Unschooling your whole life means…

  • Seeing no division between child and adult, regardless of ability or experience. All should be treated with the same equal respect and consideration.
  • Trusting all people of all ages are natural learners, born with an innate curiosity and an earnest desire to learn, even if it requires a bit of excavating for some of us to rediscover.
  • Knowing that all people are inherently good. A learning curve on societal rules or boundaries, or a personal struggle due to past history does not make them “bad”. We all do the best we can with the tools we have.
  • Thinking all people, regardless of age, have a purpose and that that purpose may seldom, or often, or never, change. And the best determiner of that purpose is the person in question.
  • Believing in the wildly passionate pursuit of interests, supporting those interests wholeheartedly, and trusting when an interest fades.
  • Disbelieving that interests are only valid if they come with monetary or status gain. We do things for the love of what we do and trust how our needs are always met.
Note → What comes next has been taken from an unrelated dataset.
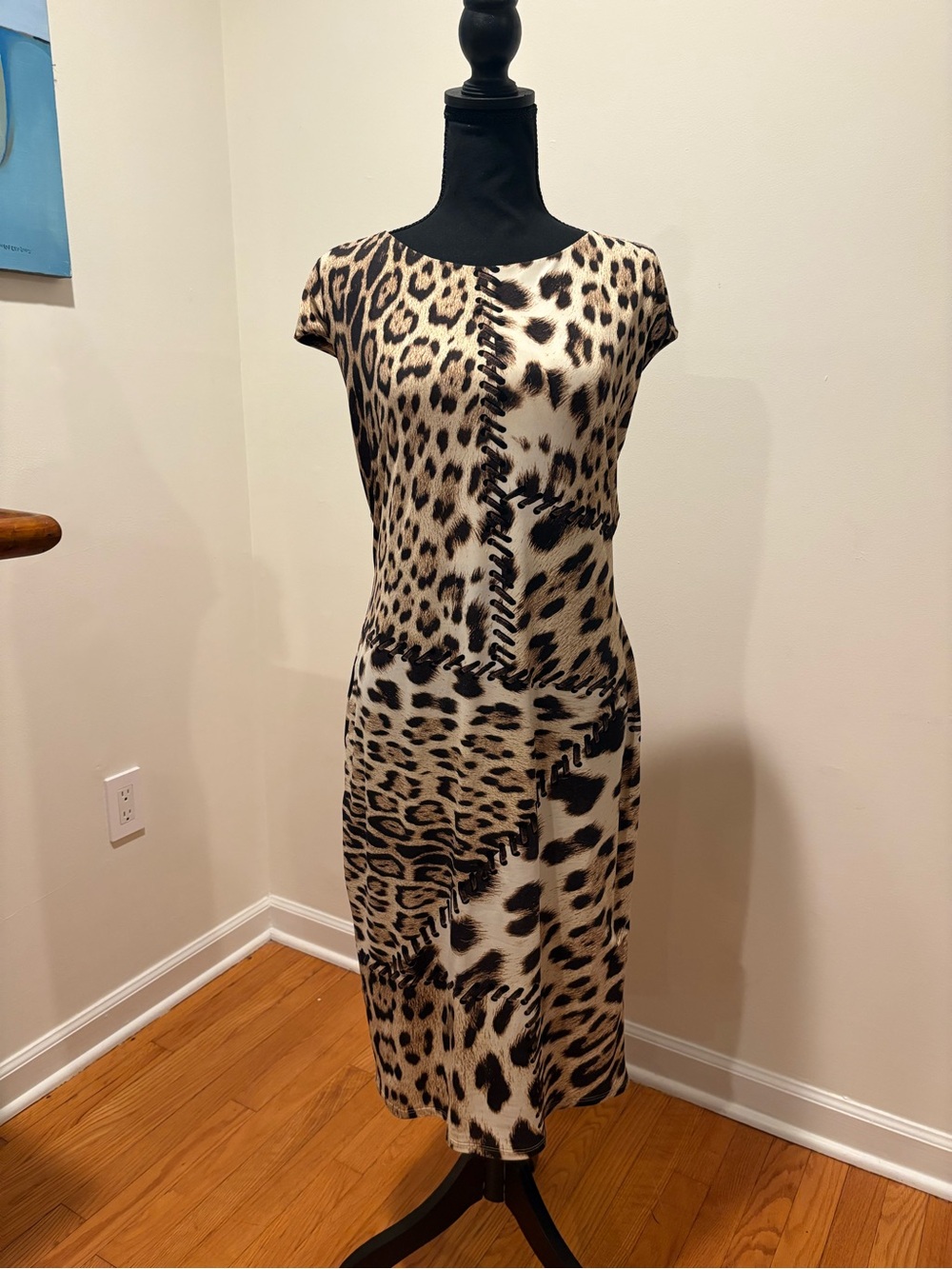 Roberto Cavalli Leopard Print Cap-Sleeve Midi Dress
  • Not condoning the subjugation, squashing or criticism of individuality or diversity. We allow for difference of opinion, we see the underlying needs of others and we validate their particular experience.
  • Not creating division between various subjects or activities. All of life flows in and out of all of life. The subject of “math” doesn’t exist but we find numbers and patterns in everything.
  • Adamantly disagreeing that life should consist of unenjoyable work, that we should always follow all the rules or do things the same way everyone else does them. Feverishly questioning anything that tells us otherwise.
  • Trusting in ourselves first, each other next and all others last.
  • Respecting the boundaries of others and ourselves.
  • Taking responsibility for our choices and our life. It’s all about authenticity and empowerment.
  • Seeking our own life and not settling for someone else’s. Supporting others who do the same.
  • Building off our individual interests, creating a rich, diverse and engaging environment in which we can all thrive equally.
  • Respecting one another’s personal Truths or choices. But drawing definitive lines where the boundaries of another are being crossed.
  • Standing up for the little guy, especially the one without their own voice.
  • Knowing that life is good. Messy. Imperfect. Wonderful. Sometimes heart-wrenching. And loving it anyway.


How can you possibly explain all that in one short answer? It’s impossible to describe what this looks like when someone asks. Because unschooling is just life and although you can define life and you can explain it, it’s still something that must be seen and experienced to fully understand.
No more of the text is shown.